Write out the lines of the material below exactly, beginning at the line with "Panoramic view of" and stopping after the line with "Collectible Clock Snap-on", and leave out the pictures.

→ DATA PROVIDED:
▼▼▼
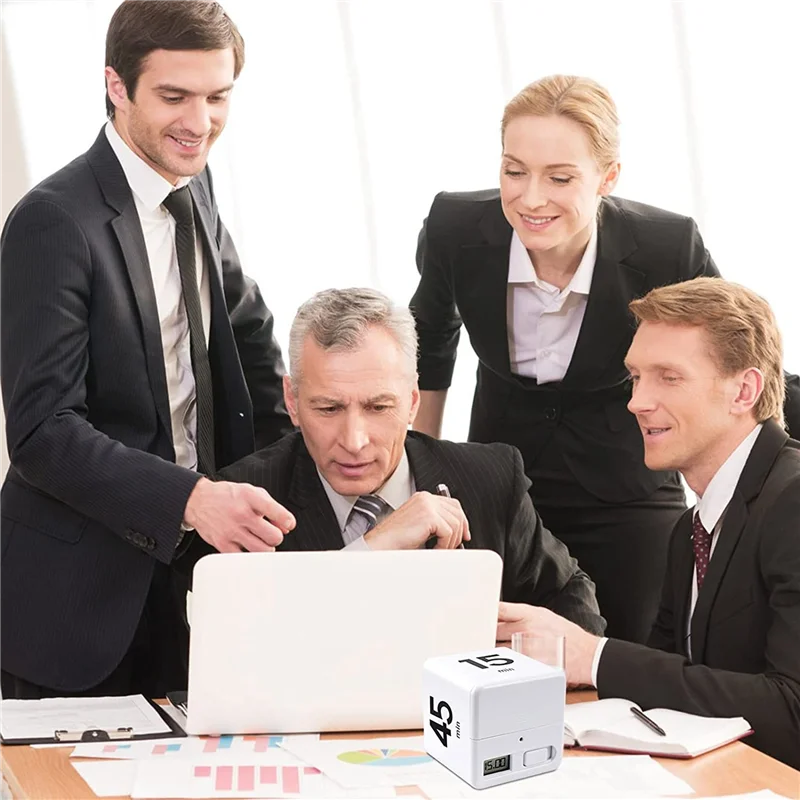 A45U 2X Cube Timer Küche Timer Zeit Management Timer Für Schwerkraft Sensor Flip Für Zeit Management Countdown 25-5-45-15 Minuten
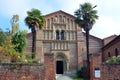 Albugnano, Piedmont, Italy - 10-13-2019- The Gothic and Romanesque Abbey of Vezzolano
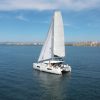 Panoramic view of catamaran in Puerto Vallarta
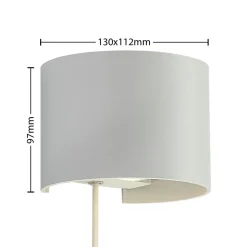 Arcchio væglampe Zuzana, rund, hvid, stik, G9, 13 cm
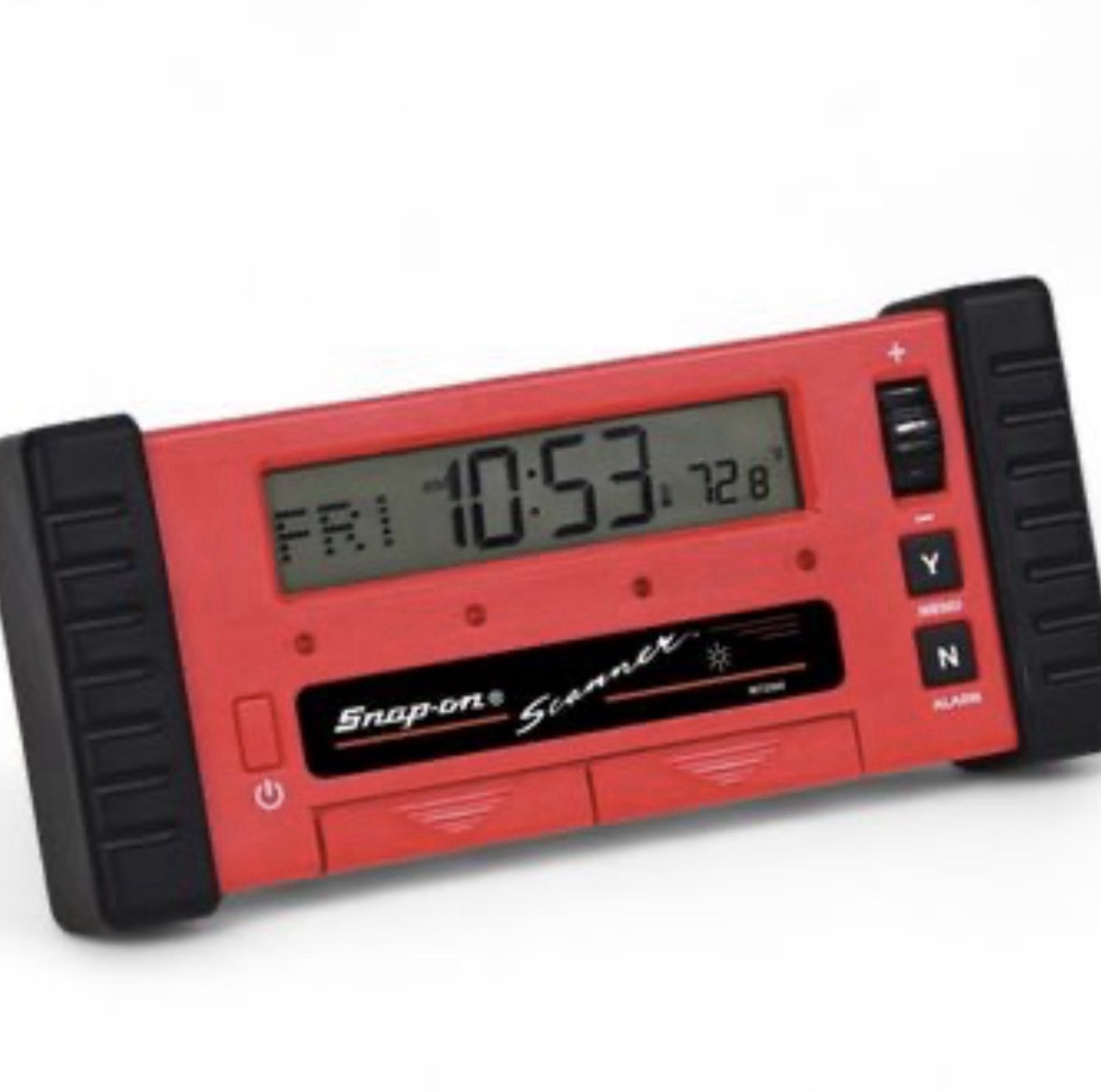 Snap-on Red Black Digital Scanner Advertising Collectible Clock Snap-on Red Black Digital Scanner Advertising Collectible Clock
▲▲▲
▼▼▼
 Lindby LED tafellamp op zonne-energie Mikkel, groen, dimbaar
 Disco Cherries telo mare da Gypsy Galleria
▲▲▲
→ REPLY TO THE EXERCISE:
 Panoramic view of catamaran in Puerto Vallarta
 Arcchio væglampe Zuzana, rund, hvid, stik, G9, 13 cm
 Snap-on Red Black Digital Scanner Advertising Collectible Clock Snap-on Red Black Digital Scanner Advertising Collectible Clock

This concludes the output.